Today’s gospel shocks me with how close Judas is to Jesus. At the beginning of the meal, Jesus clearly and passionately expresses his own desire to be in the company of his guests at the Last Supper: “I have eagerly desired to eat this Passover with you before I suffer.” He makes it clear to his disciples that he longs to be with them—that he chooses to spend the most crucial and precious remaining moments of his life with them.

At the conclusion of the meal, Jesus seems to shatter the intimacy by announcing that one of them is his betrayer. In fact, his betrayer’s hand is on that very table. As a matter of course, the dinner party fragments itself, as “they began to ask one another, which one of them it could be who would do this.” The meal ends in mistrust, suspicion, and disbelief.

Let’s listen more closely to this stunning announcement from Jesus: “the one who betrays me is with me, and his hand is on the table.” The one who betrays me . . . is with me. How can this be? How can someone turn away from Jesus and still be with him?
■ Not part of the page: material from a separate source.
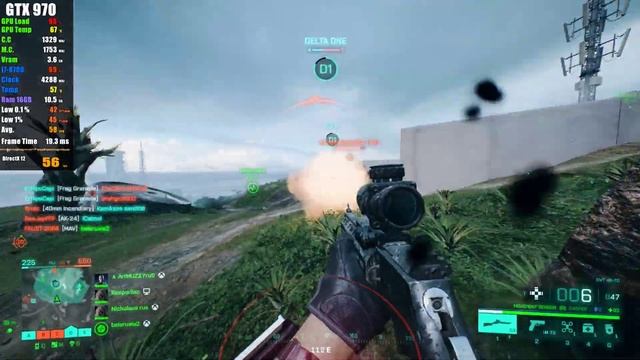 GTX 970 | Battlefield 2042 - 1080p смотреть онлайн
The most extraordinary interpretation of Judas that I’ve encountered is a play called “The Last Days of Judas Iscariot,” by Stephen Adly Guirgis. (The play uses a lot of profanity, but the sacred shines through.) Judas doesn’t understand why Jesus could forgive Peter, Thomas, and Paul for their respective betrayals, but not him. Why do they get to be with him again?

In the play, Jesus approaches Judas in his version of hell and asks, “Judas—What if I were to tell you that you are not here? That you are with me in my kingdom even now, and that you have been there since the morning of my ascension and that you have never left?” Jesus insists that he is with Judas, but Judas won’t hear it.

The play gives us a more thorough portrait of what this gospel story captures in just a snapshot: Judas among the eagerly-desired guests, in the presence of Jesus, his hand on the table, and yet withdrawing his heart. He is an intimate; he is an enemy.

Many other Biblical stories of repentance and reconciliation follow the pattern of departure and return, such as the prodigal son. In fact, our first reading today uses similar language of “returning to the Lord.” This gospel story is different, though. It is about the failure to recognize that Jesus is right there with you, asking for your company and intimacy, even at his table, even when you betray him.

How might Judas have heard the words, “the one who betrays me is with me”? The disciples hear it as an accusation, an instigation to question and suspect one another. But what if we hear those words in conjunction with Jesus’ opening words of welcome—”I have eagerly desired to eat this Passover with you”? Jesus is saying, “I want to be with you. I am with you. You are with me.”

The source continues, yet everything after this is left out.